Your final project will be a public-facing website.  You should build it on a subdomain different from that which you use for you class blog.  You should submit your website to me, via e-mail by the end of finals week.  Your website should include the following components:

  • The questions you sought to answer about your data.
  • Discussion of how the data was produced (both the collaborative work done by the class, and the cleaning and additional research that you undertook) (~250 words + at least 3 citations)
  • Any context that you think your viewer will need to understand the data (~250 words + at least 1 citation)
  • Ethical concerns you grappled with and addressed while working with the data (~250 words + at least 3 citations)
  • Analysis – this should include the code that you wrote in the form of an embedded notebook, and a discussion of why the methods (Code + ~250 words + at least 3 citations)

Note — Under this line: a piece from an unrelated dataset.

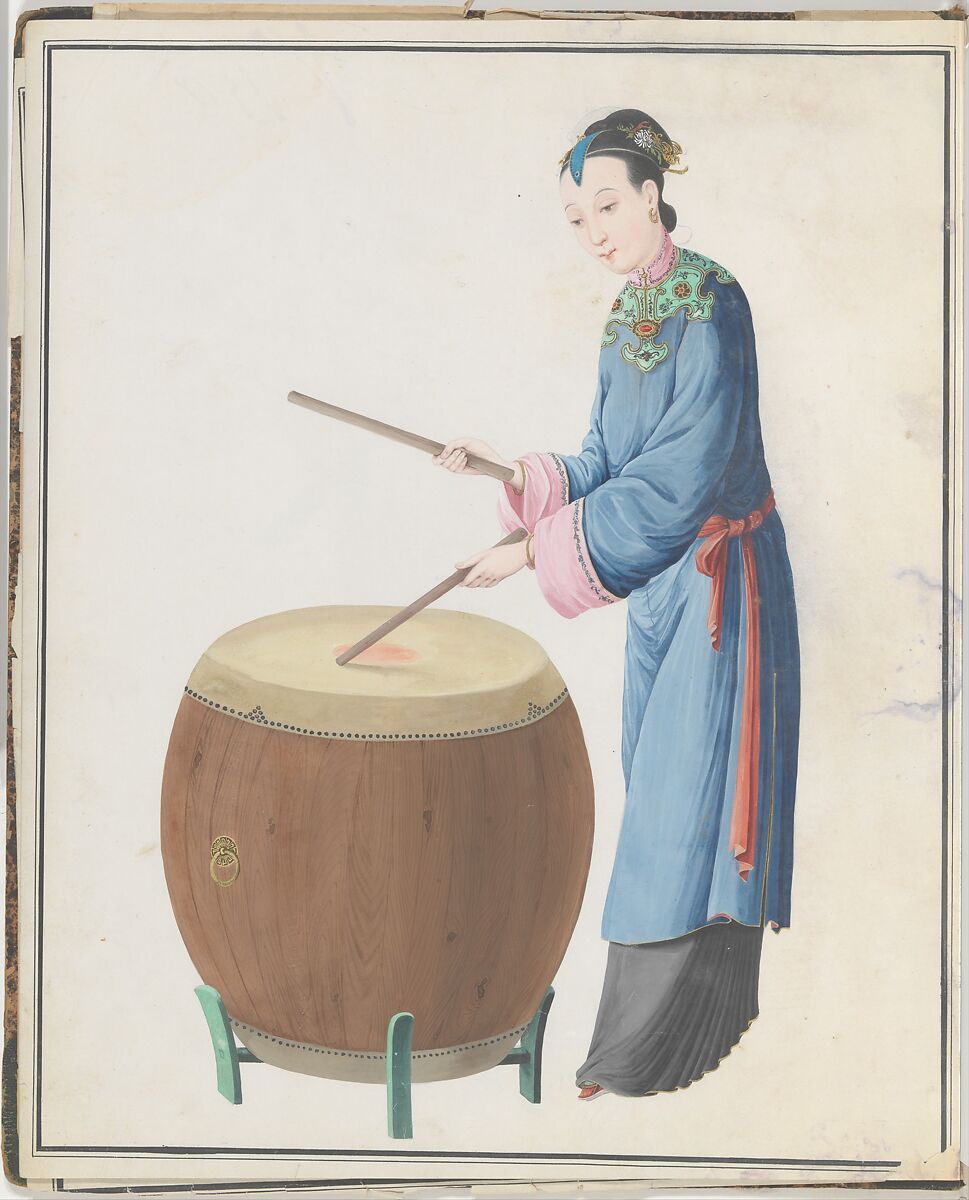 Watercolor of musician playing jingu, Watercolor on paper, Chinese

Practice Exercise # 5 – Networks

This exercise brings together what we have learned about networks so far, and builds on some of the skills from Practice Exercise # 3.  You will be creating your own notebook from scratch, calling data, manipulating that data, and analyzing it.  Please submit the zipped folder containing the notebook and the 7 .png images you create via this Lyceum link (section A) (section B) by the start of class on November 13th

Steps:

Set up

  1. Create a new folder.  Name it PE5 (do not include your name).  You will be downloading, zipping, and uploading this folder.
  2. Create a new notebook in this new folder. Name it DSC_104_PE5 (do not include your name – I will grade anonymously and then return your notebooks)
  3. Title your notebook. Make your first cell into a markdown cell (hit escape and then m) and then enter one hashtag – this makes the cell into a title cell.  Write a placeholder title (you’ll come back at the end and change the title). Run the cell.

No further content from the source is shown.